Recently, my interest stumbled on a website (https://therinspark.com/) that made me want to learn more about big data analytics with Hadoop and Spark using R. The choice of interface for learning Big Data Analytics using Hadoop and Spark is more than one, usually using python but I don’t have any experience with python and I don’t want to mess up my working computer environment. So, I decided to jump on and ready to make my hand dirty when preparing the environment
So, I follow the instructions written on the web, the first obstacle is to install Hadoop through sparklyr library. Either my connection is not good enough or the repository mirror is not tolerate the delay, and the download process of spark-3.2.3-bin-hadoop2.7 was unsuccessful. Poking around with how to install Spark-Hadoop and then found a clue that I can install it another way. Here are the steps that I has been done to make the Spark – Hadoop work with R in my Manjaro Linux;
- Install the sparklyr library using install.packages(“spraklyr”)
- Load the library -> library(sparklyr)
- check the available spark-Hadoop version using spark_available_version()

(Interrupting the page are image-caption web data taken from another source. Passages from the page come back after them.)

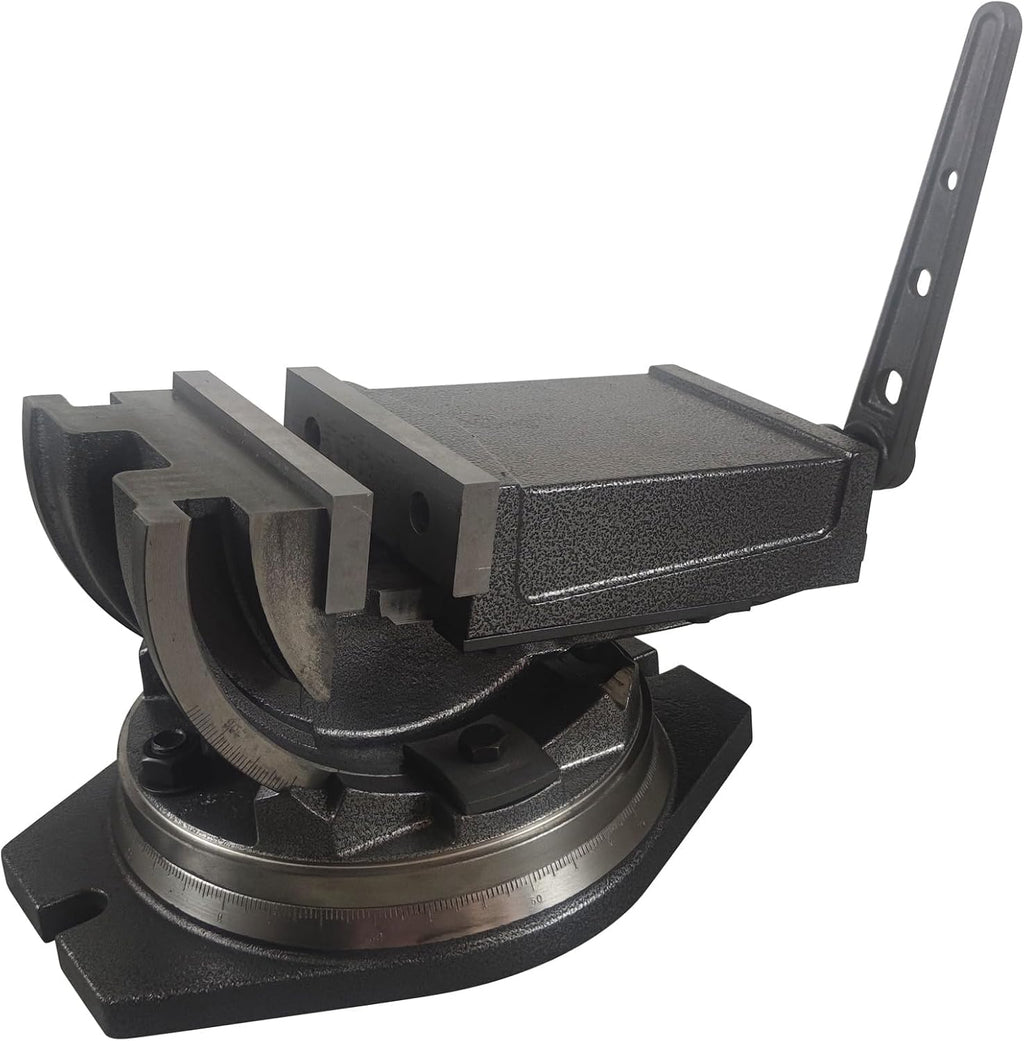 5 Inch Milling Machine Vise with Base, Bench Vise Tilting and Swiveling Milling Vise Precision Clamping milling machine vise for Mills/Grinders/NC Machines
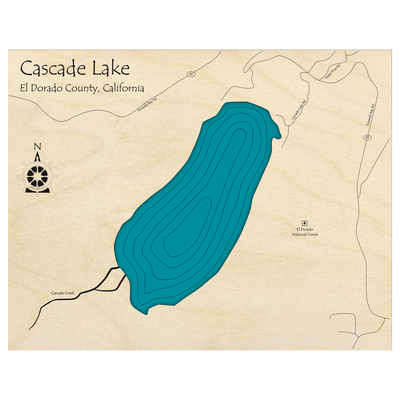 Bathymetric topo map of Cascade Lake, CA with roads, towns and depths noted in blue water.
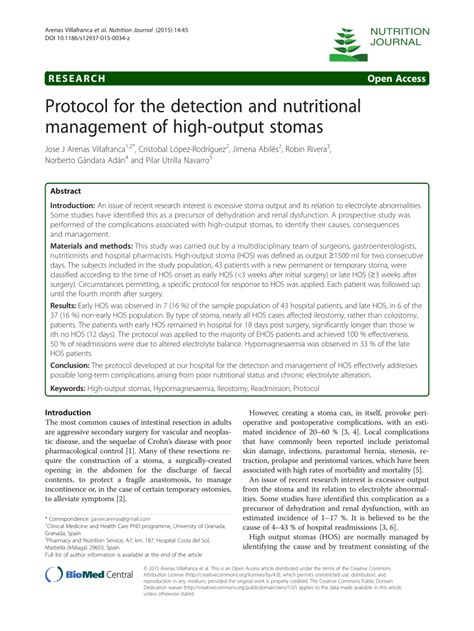 • discuss rationale for the medications commonly used in the management of highoutput ostomy/sbs. (PDF) Protocol for the detection and nutritional ...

4. The newest version is spark 3.3, but if I try to download it, it gave an error message
5. so, I use version 3.2 and execute the spark_install(version=”3.2″)
Fig 2 shows that the spark-hadoop download process failed. But, I’ve got the link for downloading the file, so I do download the file using the web browser, then put the file in the working directory where you want to work with.
6. load the sparklyr library and then execute spark_install_tar(“<file name>”).
7. the installation process will begin then after finishing you can use the spark-hadoop for learning big data analytics.
Note: Don’t forget to check your JDK version according to the book, it uses the openjdk8. if your java version is higher, consider downgrading the java and setup the environment variable of your system.